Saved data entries
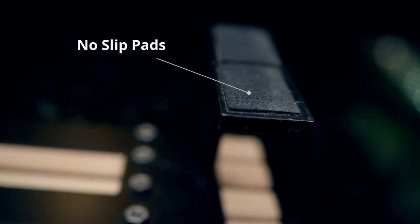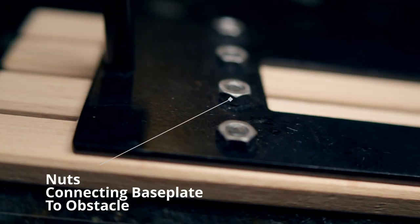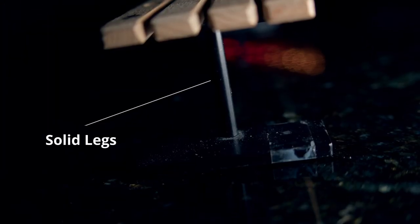As you can tell, it has no slip pads for the feet. There are some awesome nuts connecting the base plate, and it has very solid legs. The build quality on this thing is so good.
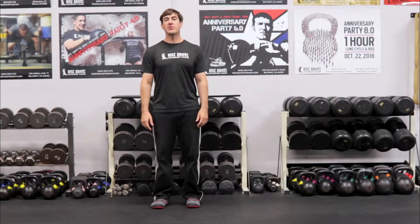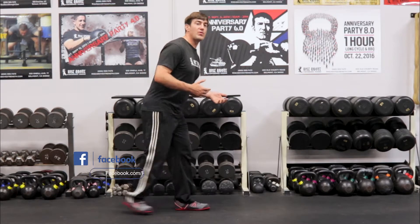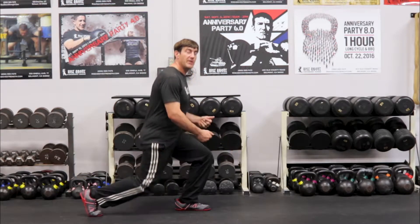Welcome to the Rise of Up Performance Training Quick Tip of the Week. We're going to continue with our lunge series. The question is: is it okay for the shin to travel forward during a lunge?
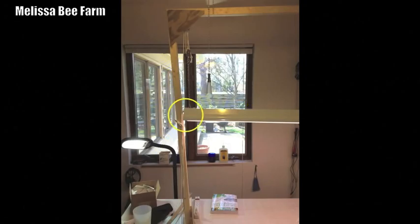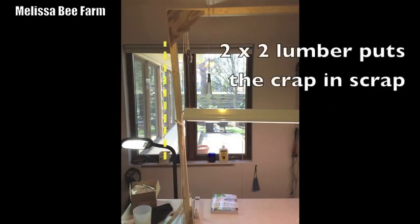The other constraint is the length of your light bar. This is a 4-foot light, so the top bar needs to be a little longer than 4 feet. I like to have about an inch or two off the end, and you'll be able to see why.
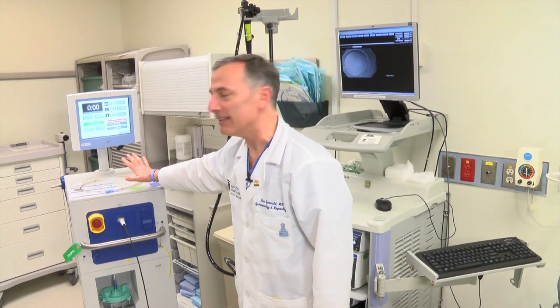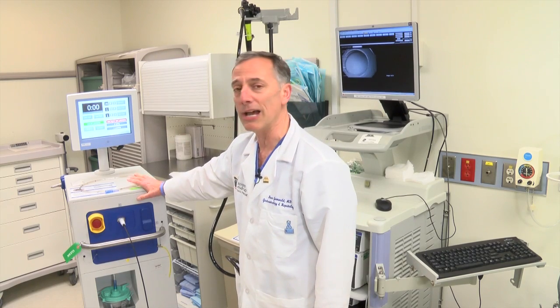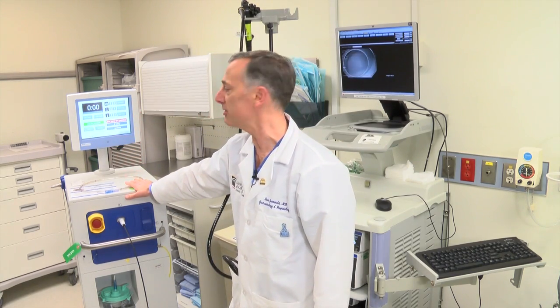My colleague and co-author, Dr. Bruce Greenwald, will provide a demonstration of the spray cryotherapy procedure. I'm Dr. Bruce Greenwald, and I'm going to demonstrate liquid nitrogen spray cryotherapy. This is the liquid nitrogen spray cryotherapy device called TrueFreeze by CSA Medical. It contains a tank of medical-grade liquid nitrogen at minus 196 degrees Celsius and the control mechanisms to allow a low-pressure spray to be delivered through a catheter. The control panel is here where we measure and monitor the flow of liquid nitrogen.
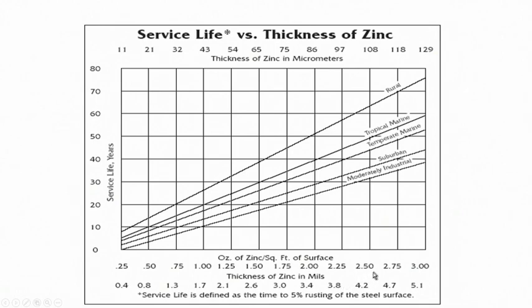As you increase the thickness from 0.25 mils to 3 mils — or about 10 microns to 120–130 microns — the service life increases from around 1 year to as high as 80 years. Therefore, the thickness of zinc coating is very important.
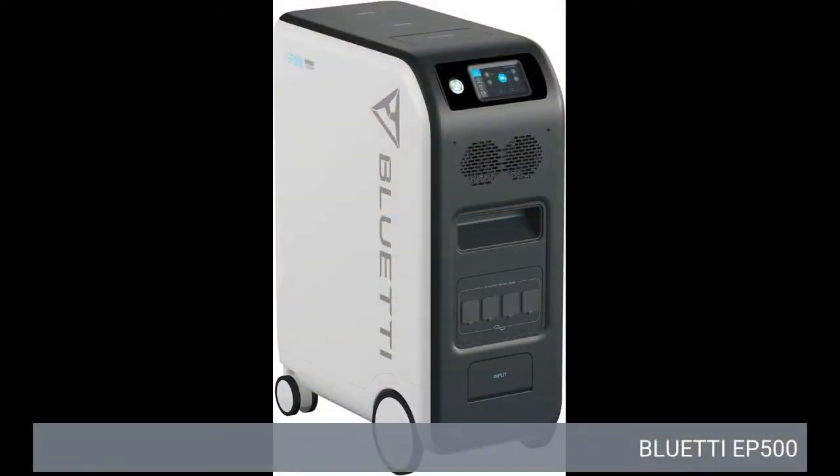Click on the link below to see price. Bluetti EP500.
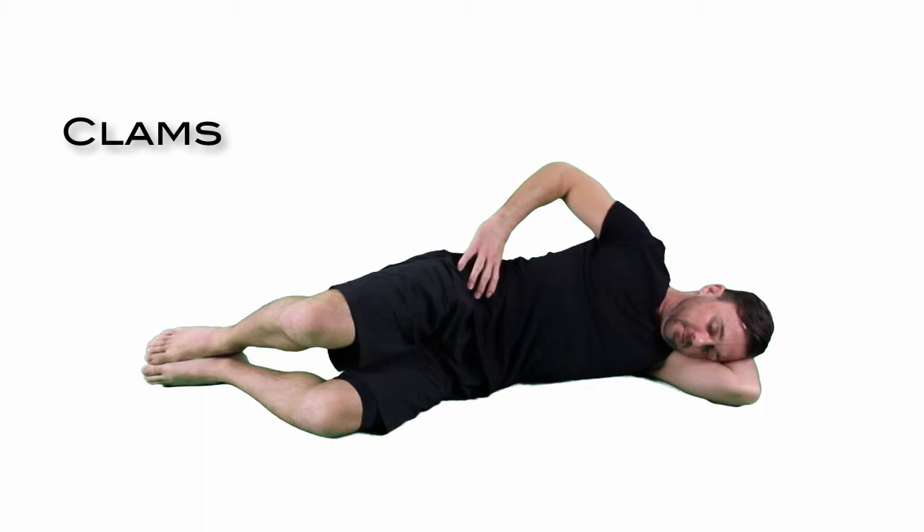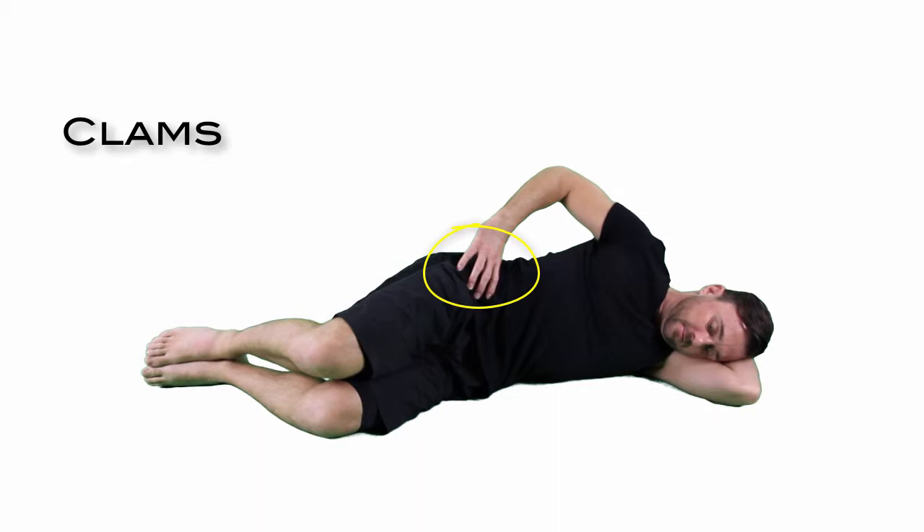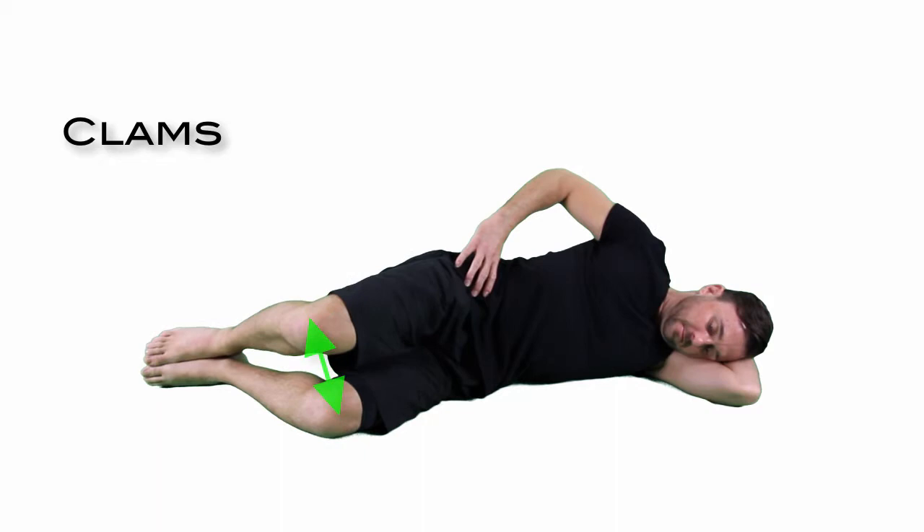Side lying with head supported, knees bent to 60 degrees, hip flexed to 30 degrees. Put your hand on the top of your hip bone to prevent any trunk movement. Keep your heels touching at all times and lift your top knee with no movement or roll of the pelvis, the trunk or the head.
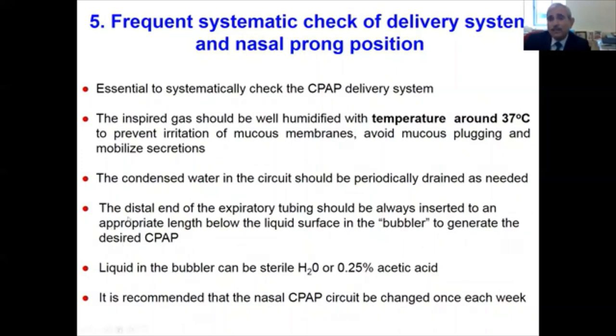One must ensure that the distal end of the expiratory tube is always inserted to the appropriate length below the liquid surface in the bubbler to generate the desired CPAP pressure. The liquid in the bubbler can be either sterile water, or we use 0.25% acetic acid, which has the potential to decrease the risk of Pseudomonas infection. We recommend that the nasal CPAP circuit should be changed at least once a week.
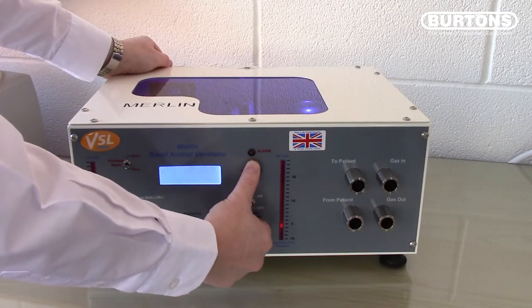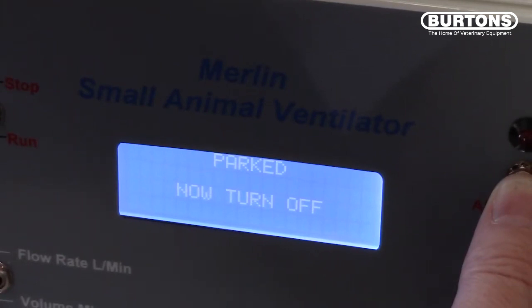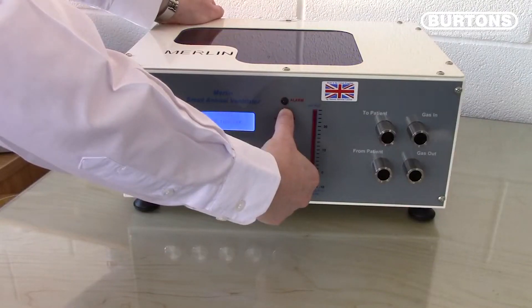Keep holding the reset switch until the screen says Parked, now turn off. Then turn off the ventilator using the main switch at the back of the unit. Parking is complete.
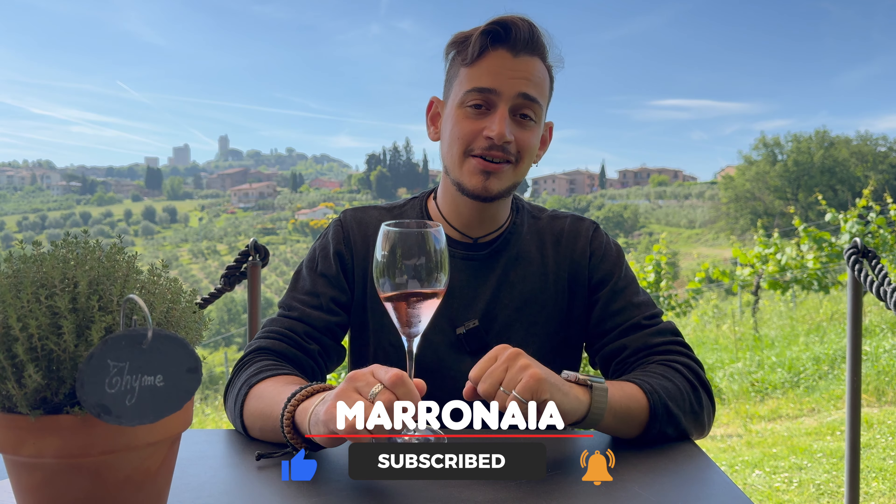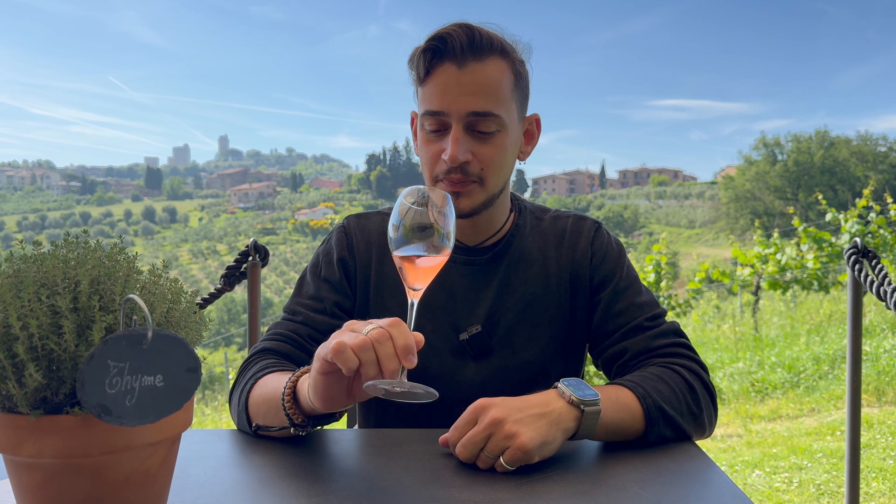Before we start we have our challenge. This one is a rosé as you can see by the color. This wine I cannot swirl because it's a sparkling wine, so I just smell it and drink it. The bubbles are very soft, very smooth, full of taste — like bubbles of power.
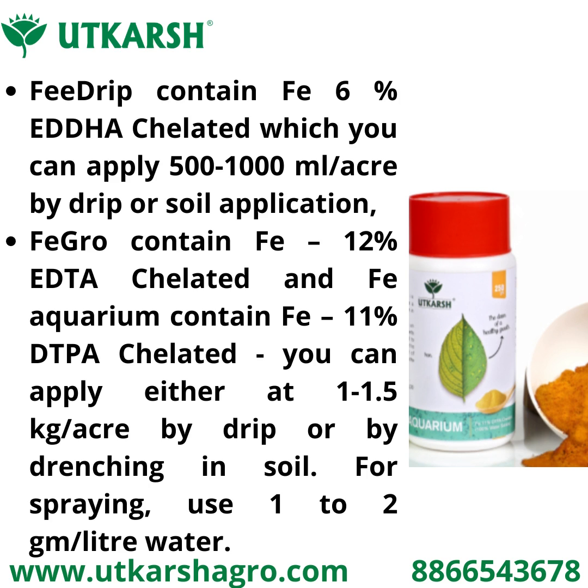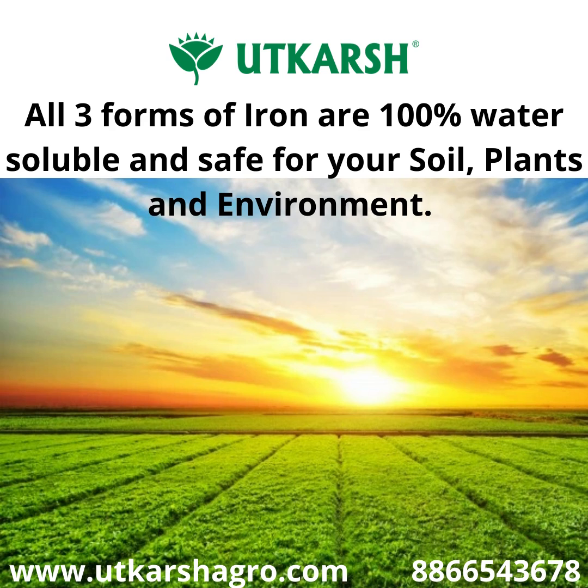For spraying, use 1 to 2 grams per liter of water. All three forms of iron are 100% water soluble and are safe for plants, soil, and your environment. Thank you.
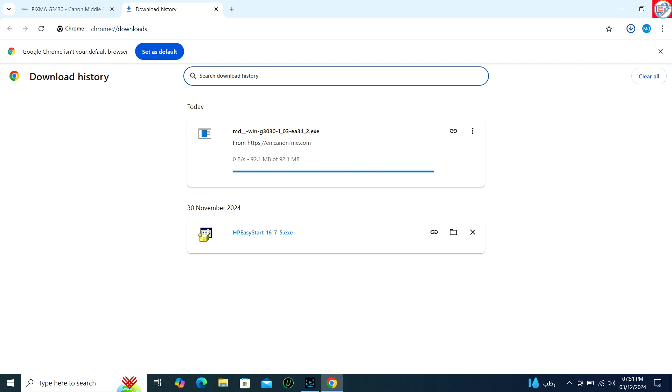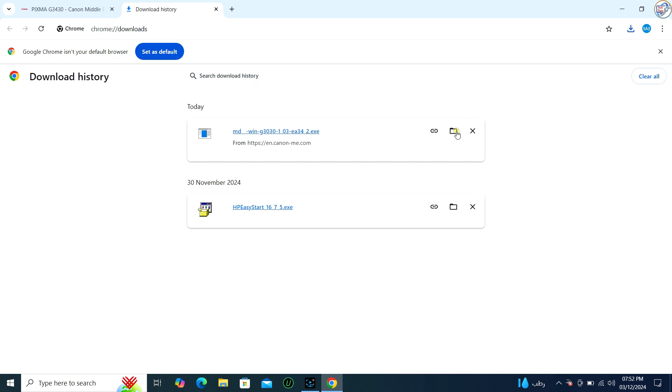Once the download is complete, double-click on the downloaded file to launch the installation wizard.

WHAT TO DO - Wherever an image appears, omit it; copy the rest of the records exactly.

SOLUTION TO THIS EXERCISE -
As you can tell, it has no slip pads for the feet. There are some awesome nuts connecting the base plate, and it has very solid legs. The build quality on this thing is so good.
Welcome to the Rise of Up Performance Training Quick Tip of the Week. We're going to continue with our lunge series. The question is: is it okay for the shin to travel forward during a lunge?
The other constraint is the length of your light bar. This is a 4-foot light, so the top bar needs to be a little longer than 4 feet. I like to have about an inch or two off the end, and you'll be able to see why.
My colleague and co-author, Dr. Bruce Greenwald, will provide a demonstration of the spray cryotherapy procedure. I'm Dr. Bruce Greenwald, and I'm going to demonstrate liquid nitrogen spray cryotherapy. This is the liquid nitrogen spray cryotherapy device called TrueFreeze by CSA Medical. It contains a tank of medical-grade liquid nitrogen at minus 196 degrees Celsius and the control mechanisms to allow a low-pressure spray to be delivered through a catheter. The control panel is here where we measure and monitor the flow of liquid nitrogen.
As you increase the thickness from 0.25 mils to 3 mils — or about 10 microns to 120–130 microns — the service life increases from around 1 year to as high as 80 years. Therefore, the thickness of zinc coating is very important.
Click on the link below to see price. Bluetti EP500.
Side lying with head supported, knees bent to 60 degrees, hip flexed to 30 degrees. Put your hand on the top of your hip bone to prevent any trunk movement. Keep your heels touching at all times and lift your top knee with no movement or roll of the pelvis, the trunk or the head.
One must ensure that the distal end of the expiratory tube is always inserted to the appropriate length below the liquid surface in the bubbler to generate the desired CPAP pressure. The liquid in the bubbler can be either sterile water, or we use 0.25% acetic acid, which has the potential to decrease the risk of Pseudomonas infection. We recommend that the nasal CPAP circuit should be changed at least once a week.
Keep holding the reset switch until the screen says Parked, now turn off. Then turn off the ventilator using the main switch at the back of the unit. Parking is complete.
Before we start we have our challenge. This one is a rosé as you can see by the color. This wine I cannot swirl because it's a sparkling wine, so I just smell it and drink it. The bubbles are very soft, very smooth, full of taste — like bubbles of power.
For spraying, use 1 to 2 grams per liter of water. All three forms of iron are 100% water soluble and are safe for plants, soil, and your environment. Thank you.
Once the download is complete, double-click on the downloaded file to launch the installation wizard.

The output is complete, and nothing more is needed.